The price of nitrogen fertilisers has increased during 2021 due to increasing energy prices, and the Russian attack on Ukraine by end of February 2022 has only worsened the situation. The result is that nitrogen fertilisers in April 2022 is about three times more expensive than at the beginning of 2021. Other mineral fertiliser nutrients, such as P and potassium (K) has increased dramatically in the same period due to the increasing energy prices. This situation raises the question whether we could utilise the nutrient in livestock manures better? Currently, around half of the nutrients in livestock manures are lost. A higher Nutrient Use Efficiency (NUE) of livestock manures would mean reduced environmental and climate impact of farming as well as less dependency on mineral fertilisers.

Agro Technology Atlas comprises scientifically validated descriptions of about 70 technologies for reducing the climate impact and environmental load of farming, and securing an optimal resource economy in primary food production. Among these are especially three groups of technologies that contributes to increased NUE in fertilisation with livestock manures*. These are:

  • Slurry separation technologies, that are relatively cheap manure processing technologies with which slurry is separated into separation liquids with a high NUE of N and phosphorus (P), while the organic bound nutrients with low NUE are in the separation solids, that can be exported and for instance used as a valuable influent in an aerobic digestion process. Fertilisation with separation liquids rather than raw slurry would typically mean that the NUE of N is increased from 75% to 95%. In the case of P, the separation liquids contain a higher share of water-soluble P, and the total amount of P needed for fertilisation on a farm can be adjusted via the separation strength. Separation by use of a screw press will typically ensure that the amount of P in the separation liquids is complying with the needs for P fertilisation, and the P field and farm gate balances can thus in this way be eliminated or reduced to a minimum. 
  • Anaerobic digestion is due to the fermentation processes degrading a share of the organic matter in the influent biomass, depending on the digestibility of this as well as the retention time and the process temperature among other factors. Also, the pH would typically be increased with 0.5 - 1 units during the process, which also has some impact. Generally speaking, anaerobic digestion increases the NUE for N with about 15-20%, whereas the NUE for phosphorus increases with much more, typically 50-60%. 
  • Slurry acidification comprise three sub-technologies, namely in-field, in-tank and in-house acidification with each of them having characteristics that makes them most suited in specific situations. In-field and in-storage acidification will in general terms save the volatilisation of 15 kg N per ha via ammonia emissions, while this figure is about 30 kg per ha for in-house acidification because it  also reduces ammonia volatilisation from stables and stores, besides from the field spreading. These figures are given under the assumption that fertilisation happen with a dose of 30 tonnes of slurry per ha. Furthermore, the adjustment of the pH results in a higher availability of P in the acidified slurry, wherefore acidified slurry is an effective fertiliser where a high effect of the P fertiliser is required, such as in case of start fertilisation of maize.

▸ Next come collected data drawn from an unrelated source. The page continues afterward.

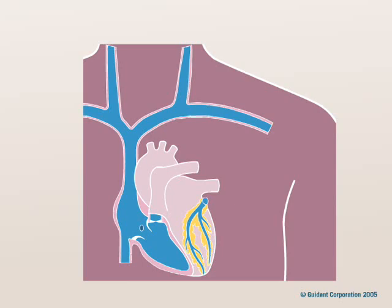A pacemaker system typically includes one or two leads and a small device. Your doctor makes a small incision near your collarbone and inserts the leads, gently steering them through your blood vessels and into your heart.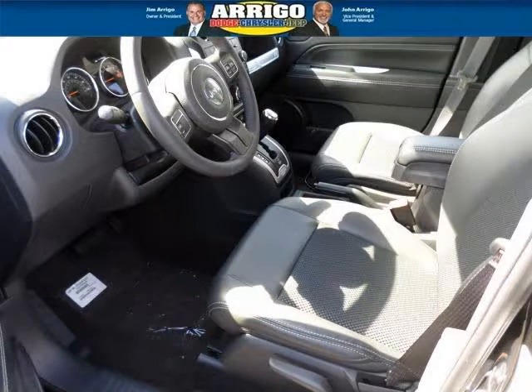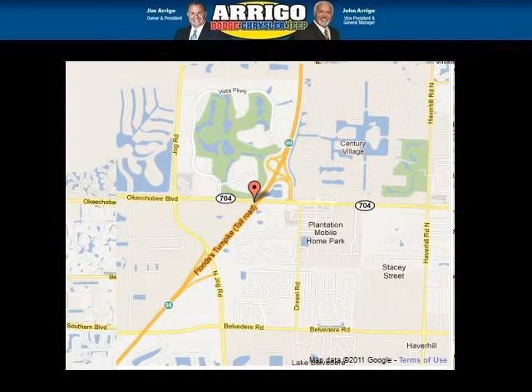Come in today and take a look for yourself. Arrigo DCJ West Palm is the dealership for you, conveniently located in West Palm Beach, Florida off of Okeechobee Boulevard.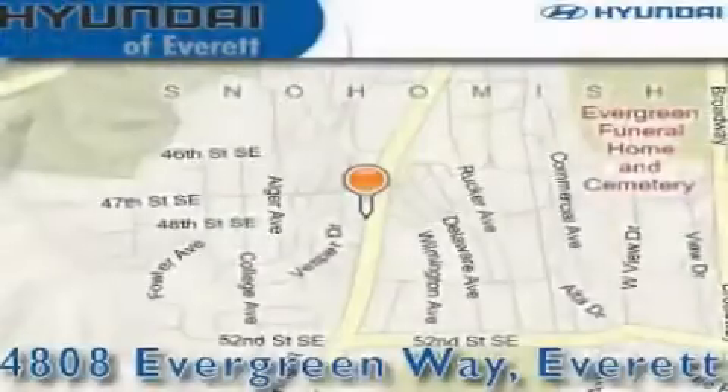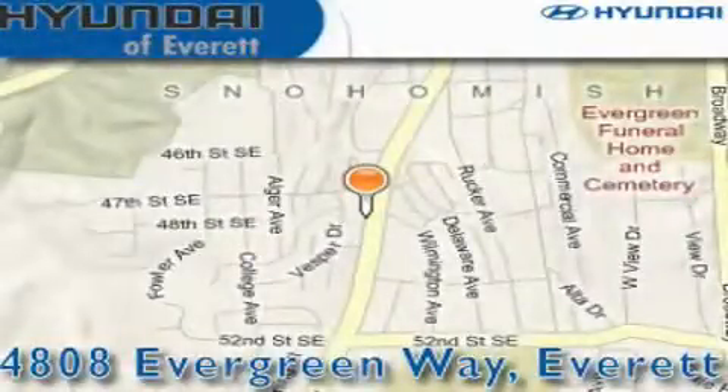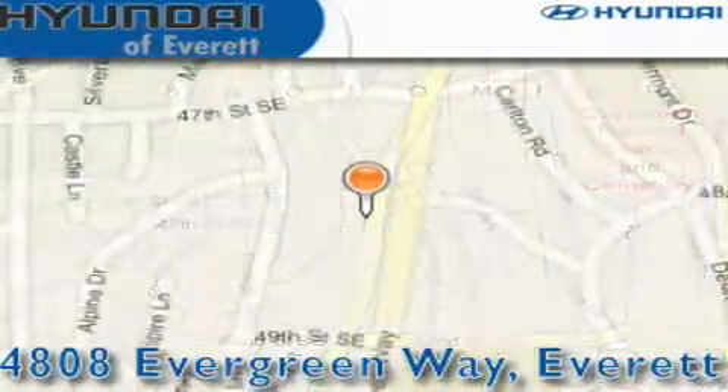We invite you to contact us today to learn more about this vehicle. Hyundai of Everett is located at 4808 Evergreen Way in Everett. Our goal is to exceed all of your expectations to ensure that you'll return for future visits.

A proverb says that "An accident rarely comes alone.". It is in this case fair to turn this around and say that "A good agro-environmental technology has several advantages." and all three mentioned technologies provides more benefits than the basis for an increased NUE of livestock manures. For example, an aerobic digestion is also providing additional energy production, and slurry acidification, especially in-house acidification, contributes to reduce greenhouse gas emissions from livestock farming.  

Please find the scientific substantiation for the above in https://www.agrotechnologyatlas.eu. For slurry acidification, see under "Other housing systems", "Storage systems" and "Spreading and outdoor handling".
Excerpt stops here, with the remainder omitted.